What you will do =
For every line in the material, produce an exact copy.

The data =

= Beginning of Section =

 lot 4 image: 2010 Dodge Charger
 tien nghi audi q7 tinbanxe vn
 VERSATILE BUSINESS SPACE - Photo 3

= End of Section =

Result of this task =
 lot 4 image: 2010 Dodge Charger
 tien nghi audi q7 tinbanxe vn
 VERSATILE BUSINESS SPACE - Photo 3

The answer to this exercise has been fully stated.